The Super Bull Argument For Gold
Now that the barbarous relic is finally back in fashion, how high could it really go?
It turns out that gold is THE deflationary asset to own. Who knew?
I was an unmitigated bear on the price of gold after it peaked in 2011. In recent years, the world has been obsessed with yields, chasing them down to historic levels across all asset classes.
But now that much of the world already has, or is about to have negative interest rates, a bizarre new kind of mathematics applies to gold ownership.
Gold’s problem used to be that it yielded absolutely nothing, cost you money to store, and carried hefty transactions costs. That asset class didn’t fit anywhere in a yield obsessed universe.
Now we have a horse of a different color.
Europeans wishing to put money in a bank have to pay for the privilege to do so. Place €1 million on deposit in an overnight account, and you will have only 996,000 Euros in a year. You just lost 40 basis points on your -0.40% negative interest rate.
With gold, you still earn zero, an extravagant return in this upside down world. All of a sudden, zero is a win.

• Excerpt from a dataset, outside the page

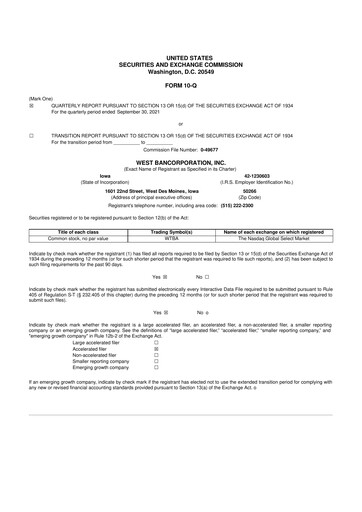 Thumbnail West Bancorporation 10-Q Quarterly Report FY2021 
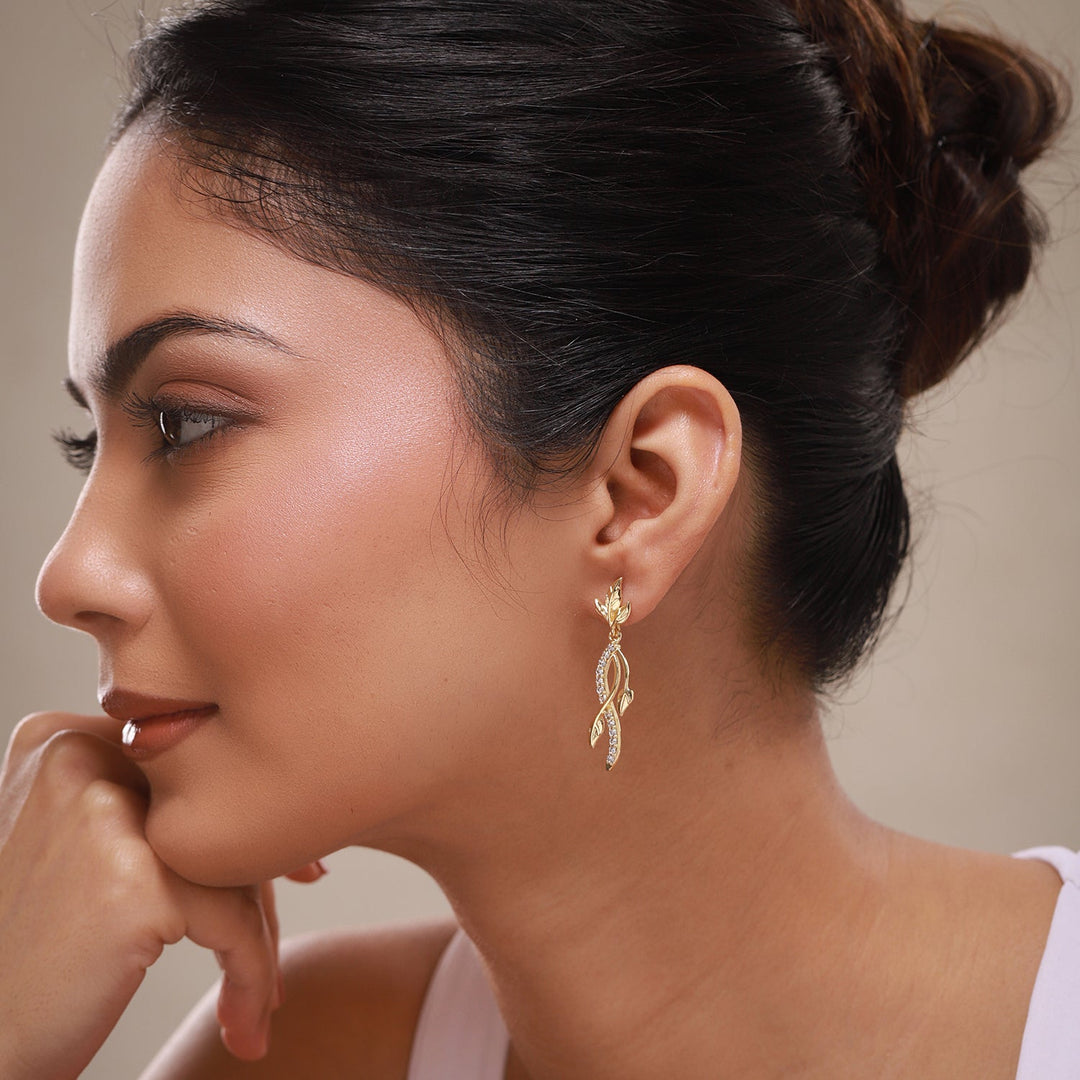 Leafy Affair Nivelle Dangle Earrings  | SHOBITAM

For the first time in human history, that gives you a 40 basis point yield advantage over Euros. Similar numbers now apply to Japanese yen deposits as well.
As a result, the numbers are so compelling that it has sparked a new gold fever among hedge funds and European and Japanese individuals alike.
Websites purveying investment grade coins and bars crashed multiple times last week, due to overwhelming demand (I occasionally have the same problem). Some retailers have run out of stock.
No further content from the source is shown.